• **Instructions to follow**
An exact copy of every record below is needed, with the pictures left out.

• **Available data**
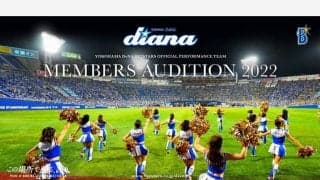 DeNA、ディアーナの来季メンバーを募集　「熱い想いを持った方のご応募を」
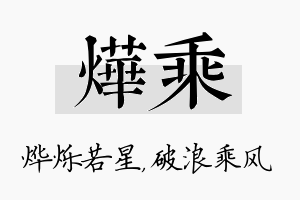 烨乘名字的寓意及含义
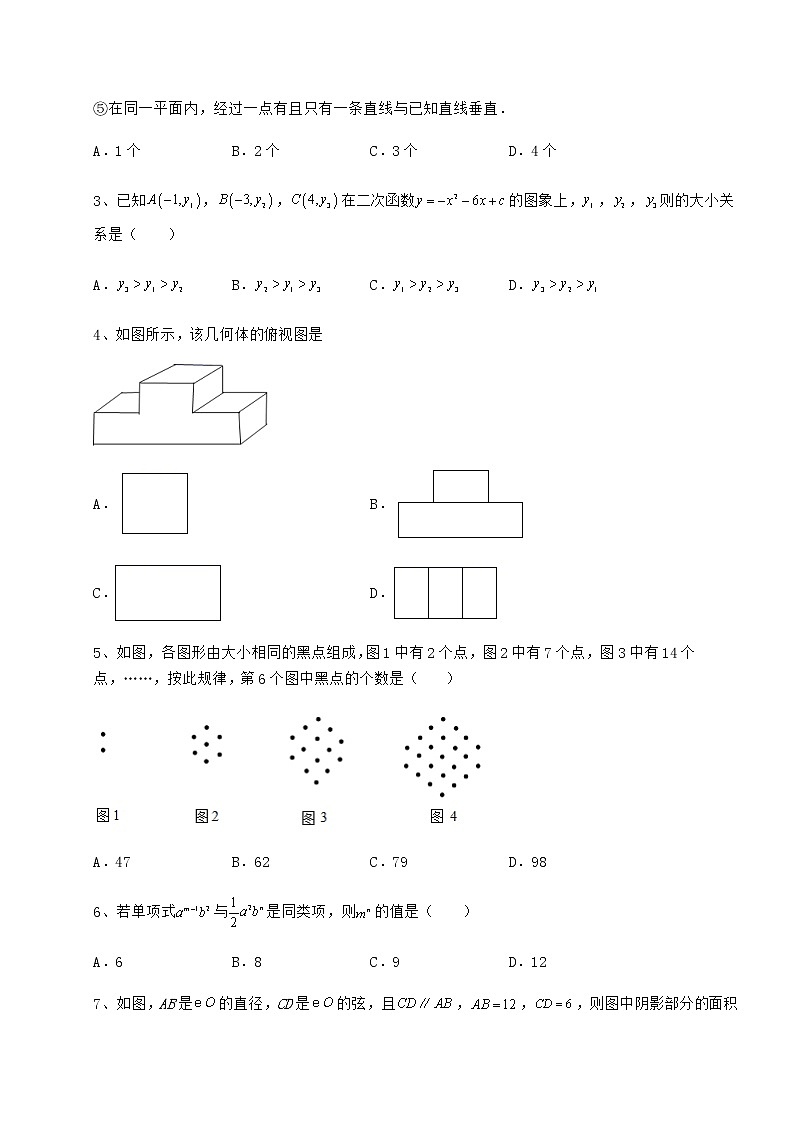 【真题汇编】2022年广东省广州市中考数学三年高频真题汇总 卷（Ⅰ）（含答案解析）02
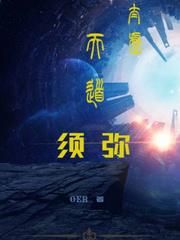 太虚天道须弥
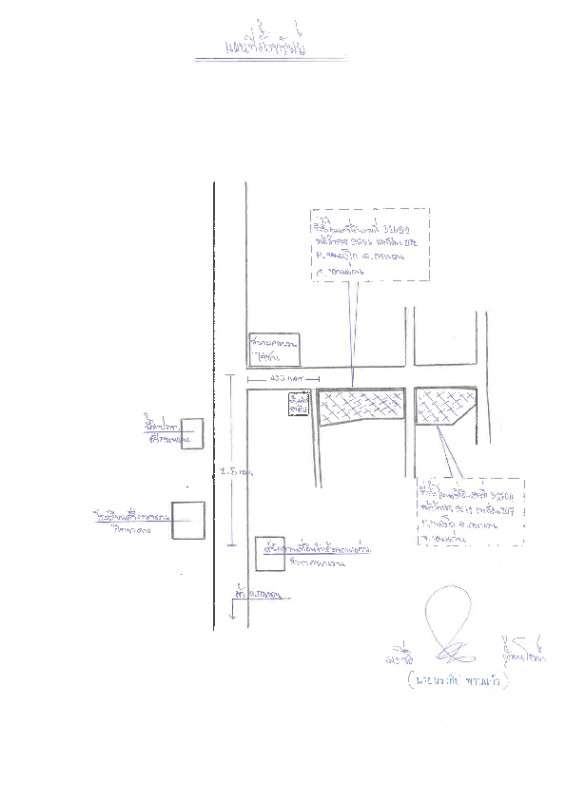 Residential land/lot Khon Kaen Kranuan Nong Ko 126940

• **Output**
 DeNA、ディアーナの来季メンバーを募集　「熱い想いを持った方のご応募を」
 烨乘名字的寓意及含义
 【真题汇编】2022年广东省广州市中考数学三年高频真题汇总 卷（Ⅰ）（含答案解析）02
 太虚天道须弥
 Residential land/lot Khon Kaen Kranuan Nong Ko 126940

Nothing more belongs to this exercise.